# Lesson 2: Working with different file formats

Objective:
- Reading data from CSV in Python
- Reading data from JSON in Python
- Reading data from XLSX in Python
- Reading data from XML in Python
- Reading data from Binary in Python

### Reading Data from CSV in Python

We already know how to do this unsing the pd.read_csv() command with options such as headers. If there are no headers in the file then a df will be created using the first row as the header, this can be corrected using the columns method to set the column. We can slice the dataframe using the column name or methods such as df.loc[] or df.iloc[] where loc i slabel based and iloc is index based.

Below we construct a dataframe and use the transform method with a lambda function to efficiently change our dataframe.

In [3]:
import pandas as pd
import numpy as np

In [None]:
df=pd.DataFrame(np.array([[1, 2, 3], [4, 5, 6], [7, 8, 9]]), columns=['a', 'b', 'c'])
df

In [None]:
df = df.transform(func = lambda x : x + 10)
df

In [None]:
result = df.transform(func = ['sqrt']) # This has square root everything with the dataframe.

### Reading Data from JSON in Python

In [7]:
import json

In [8]:
person = {
    'first_name' : 'Mark',
    'last_name' : 'abc',
    'age' : 27,
    'address': {
        "streetAddress": "21 2nd Street",
        "city": "New York",
        "state": "NY",
        "postalCode": "10021-3100"
    }
}

In [9]:
with open('person.json', 'w') as f:  # writing JSON object
    json.dump(person, f)

In [None]:
with open('person.json', 'r') as openfile:  # Reading the JSON object
  
    # Reading from json file 
    json_object = json.load(openfile) 
  

### Reading Data from XLSX in Python

This is done by just using the pd.read_excel() method from here you can just use the file name.

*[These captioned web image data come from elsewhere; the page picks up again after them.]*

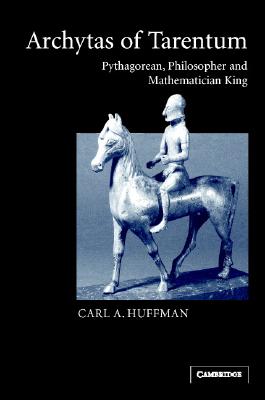 Archytas of Tarentum: Pythagorean, Philosopher and Mathematician King Image for Archytas of Tarentum: Pythagorean, Philosopher and Mathematician King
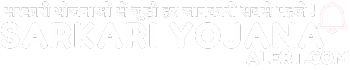 Sarkari Yojana – Latest Government Schemes, Benefits & Updates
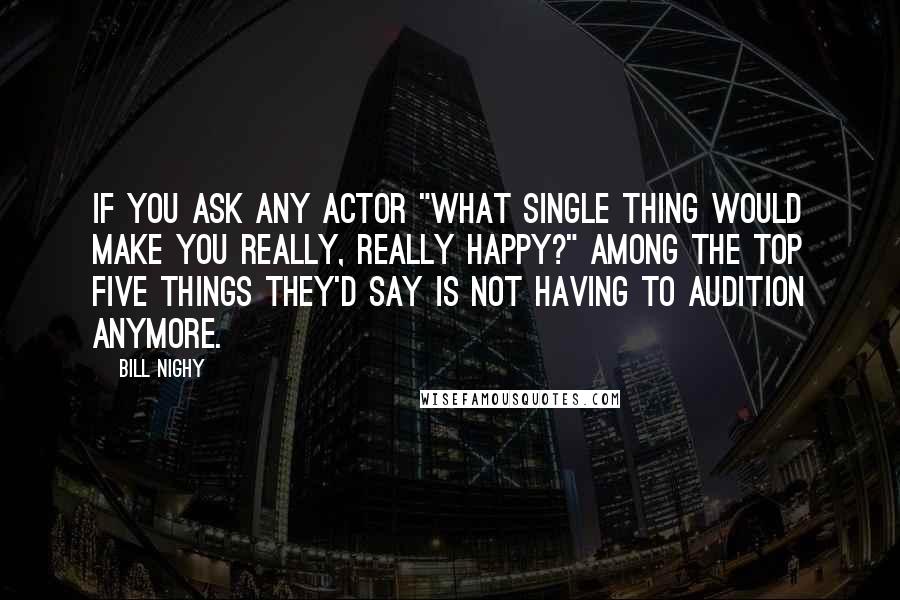 Bill Nighy Quotes: If you ask any actor "What single thing would make you really, really happy?" Among the top five things they'd say is not having to audition anymore.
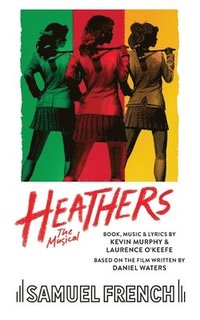 bokomslag Heathers the Musical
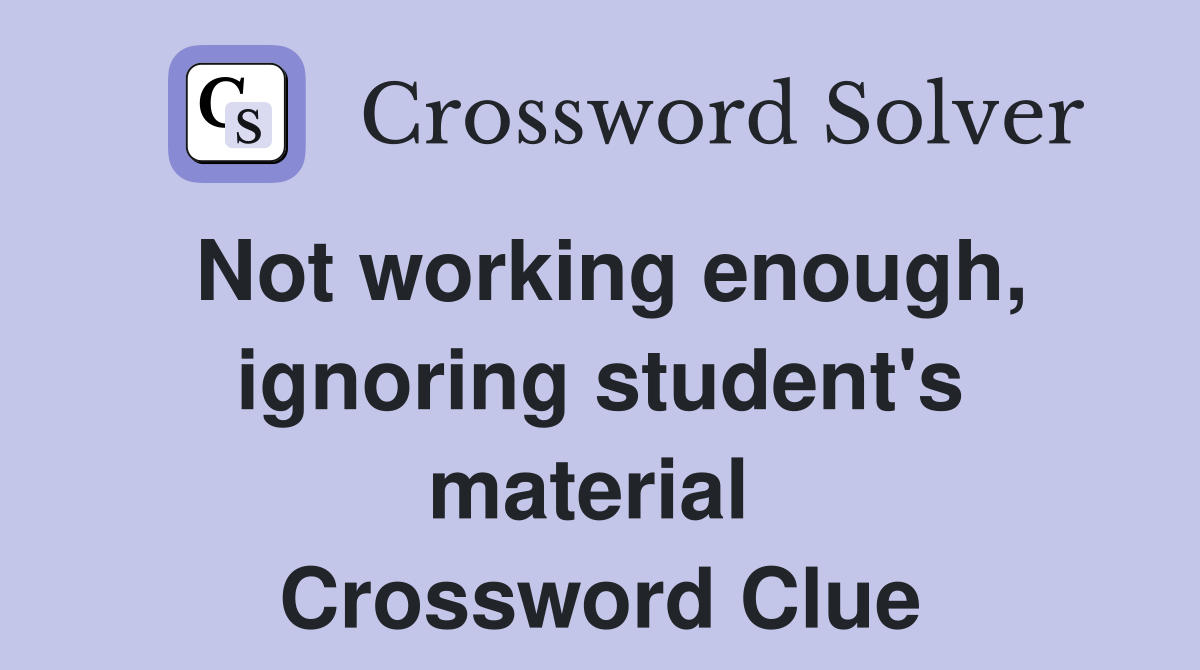 Not working enough, ignoring student's material  Crossword Clue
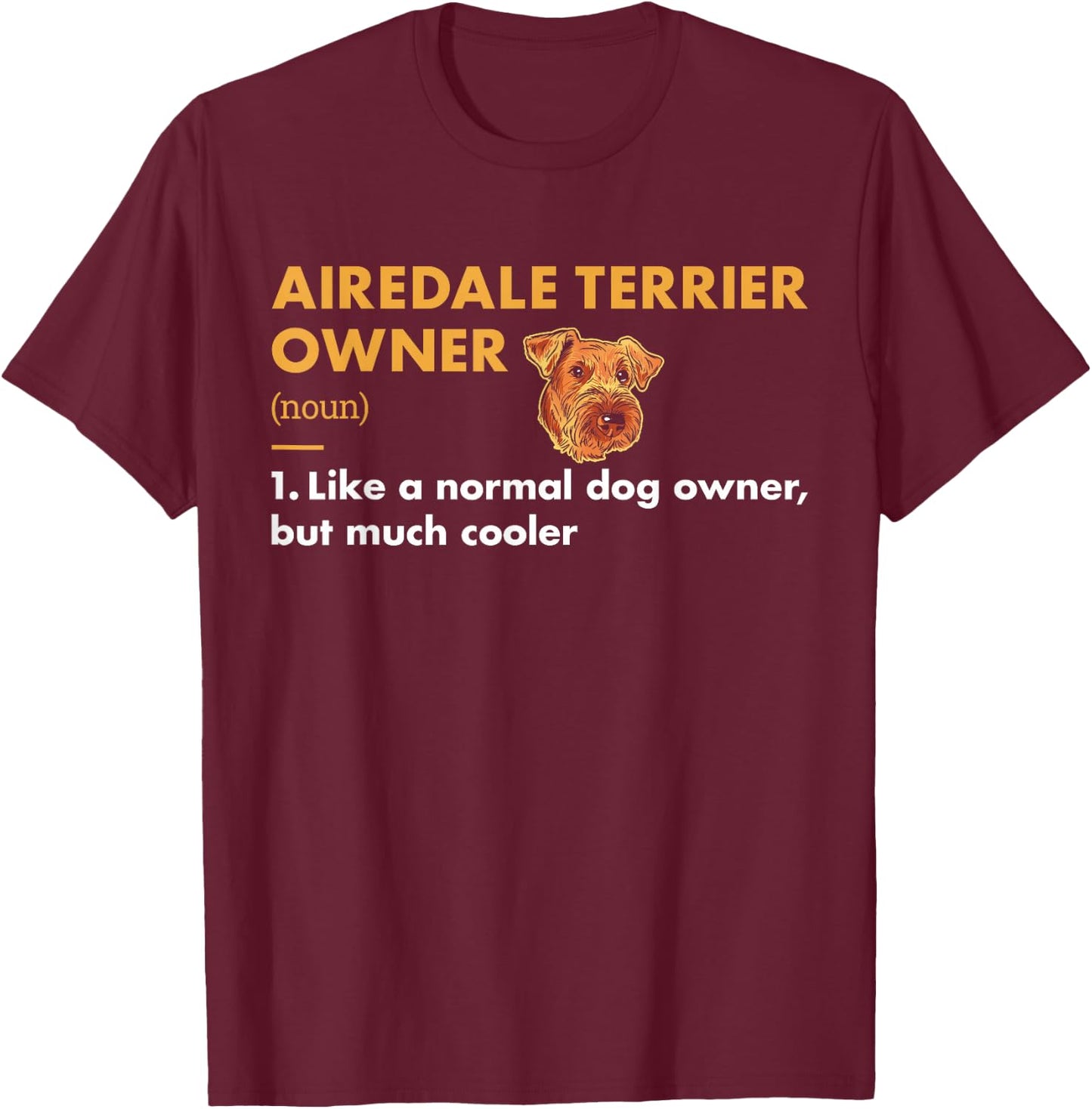 Dog Airedale Terrier Owner Definition T-Shirt - T-Shirt | Maroon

### Reading Data from XML in Python

In [None]:
import xml.etree.ElementTree as ET # Writing XML file

# create the file structure
employee = ET.Element('employee')
details = ET.SubElement(employee, 'details')
first = ET.SubElement(details, 'firstname')
second = ET.SubElement(details, 'lastname')
third = ET.SubElement(details, 'age')
first.text = 'Shiv'
second.text = 'Mishra'
third.text = '23'

# create a new XML file with the results
mydata1 = ET.ElementTree(employee)
# myfile = open("items2.xml", "wb")
# myfile.write(mydata)
with open("new_sample.xml", "wb") as files:
    mydata1.write(files)

In [15]:
tree = ET.parse("new_sample.xml") # Reading data
root = tree.getroot()

In [None]:
columns = ["firstname", "lastname", "age"] # Setting the dataframe
datatframe = pd.DataFrame(columns=columns)

In [None]:
for node in root: # Inputting the data into the dataframe from the XML file.
    # Extract text from each element
    firstname = node.find("firstname").text
    lastname = node.find("lastname").text
    age = node.find("age").text
    # title = node.find("title").text
    # division = node.find("division").text
    # building = node.find("building").text
    # room = node.find("room").text
    
    # Create a DataFrame for the current row
    row_df = pd.DataFrame([[firstname, lastname, age]], columns=columns)
    
    # Concatenate with the existing DataFrame
    datatframe = pd.concat([datatframe, row_df], ignore_index=True)

In [None]:
df=pd.read_xml("new_sample.xml") # Instead of that this cab  work as well

When it comes to saving data you can use df_to_csv() or json or excel or hdf or sql depending on what you want with methods like index.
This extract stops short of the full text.